*** Input records ***

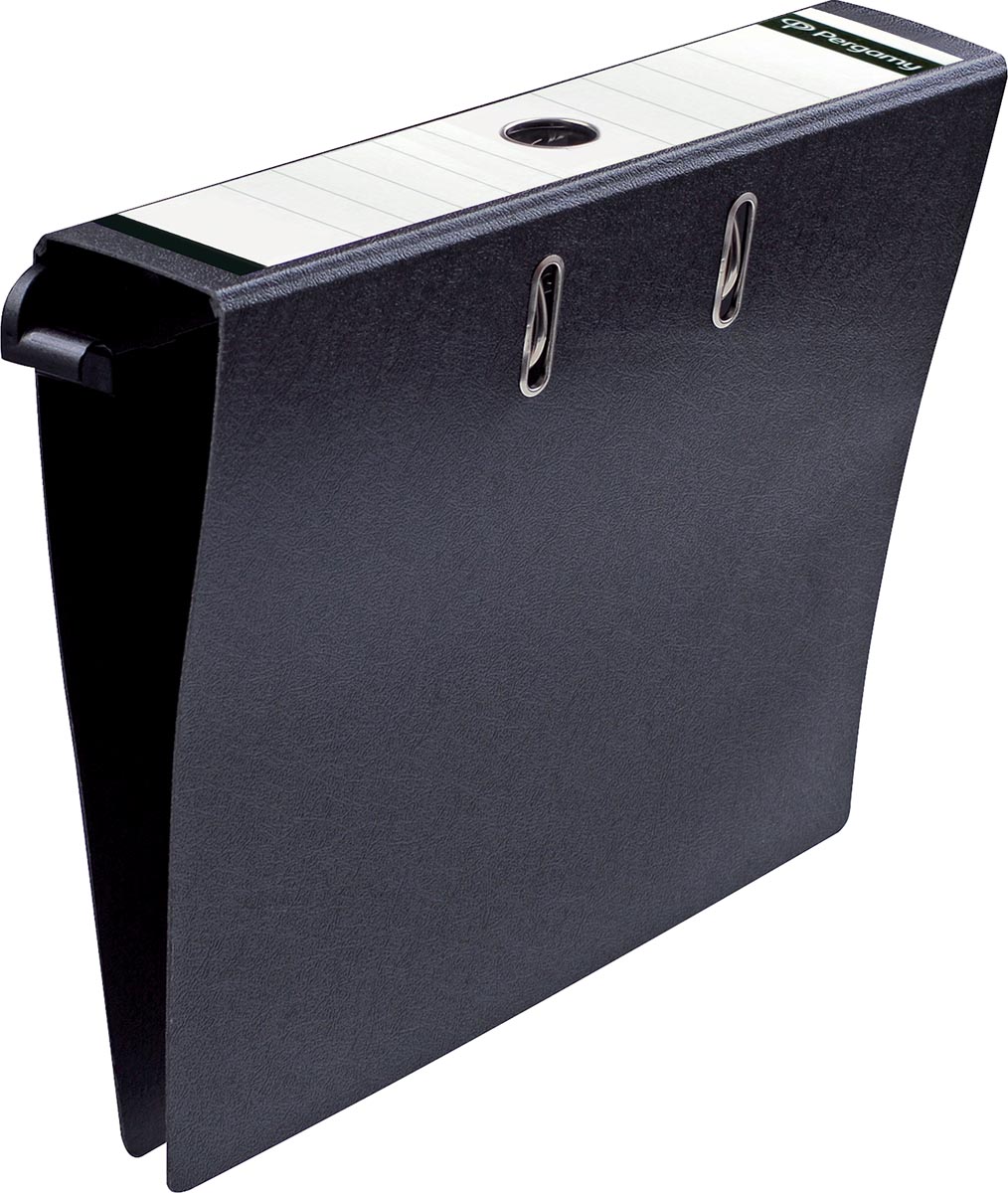 Pergamy hangmapordner, ft A4, 2 pochettes, karton, rug van 8 cm, zwart 1 Pergamy hangmapordner, ft A4, 2 pochettes, karton, rug van 8 cm, zwart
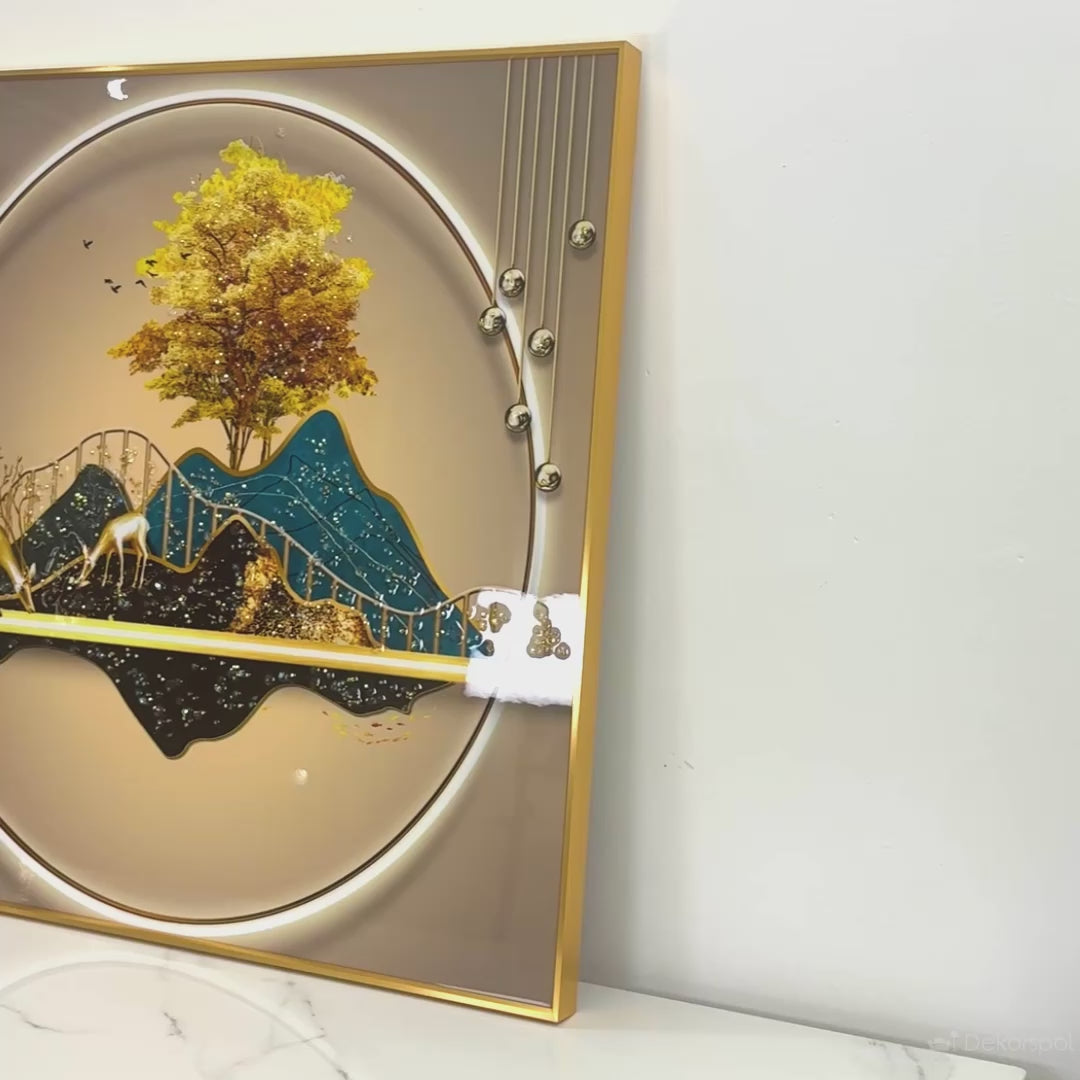 Golden Harmony Landscape Crystal Glass Framed Painting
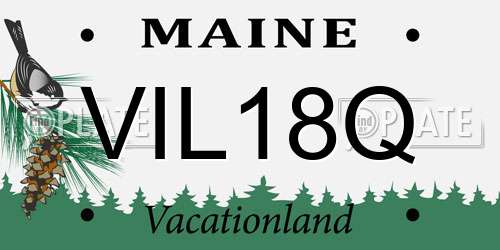 VIL18Q Maine License Plate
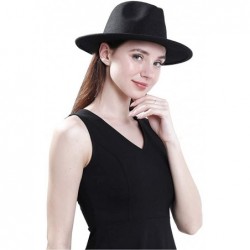 Fedoras Men & Women's Wide Brim Fedora Hat with Band Unisex Felt Panama Cap - Black - CY18LDZLKR6 $20.24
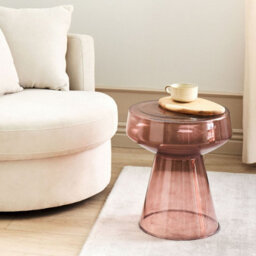 Beliani Home Oval Transparent Red Glass Side/end Table 37 X 37 X 43 Cm - thumbnail 2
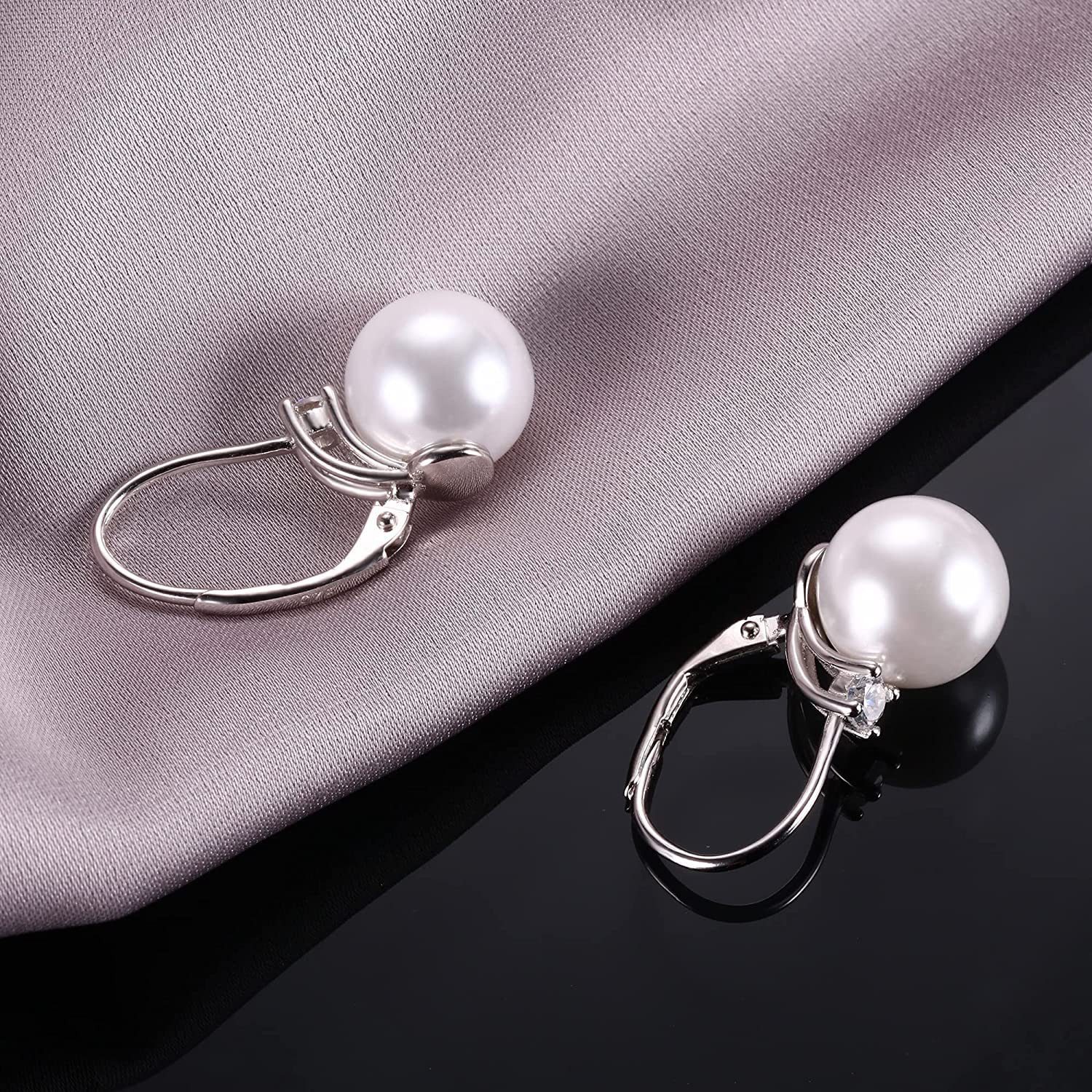 MOPUEA Perlenohrringe Perlen Ohrringe Damen Hängend 925 Sterling Silber Set (1-tlg), 5A Zirkonia Kristalle Ohrringe Leverback Ohrringe Perlenohrringe – Bild 5 von 5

***

**What is expected:** Locate the line containing "Fedoras Men &" in the records above, then output it and every line after it through the last, excluding pictures.

**Written response:**
 Fedoras Men & Women's Wide Brim Fedora Hat with Band Unisex Felt Panama Cap - Black - CY18LDZLKR6 $20.24
 Beliani Home Oval Transparent Red Glass Side/end Table 37 X 37 X 43 Cm - thumbnail 2
 MOPUEA Perlenohrringe Perlen Ohrringe Damen Hängend 925 Sterling Silber Set (1-tlg), 5A Zirkonia Kristalle Ohrringe Leverback Ohrringe Perlenohrringe – Bild 5 von 5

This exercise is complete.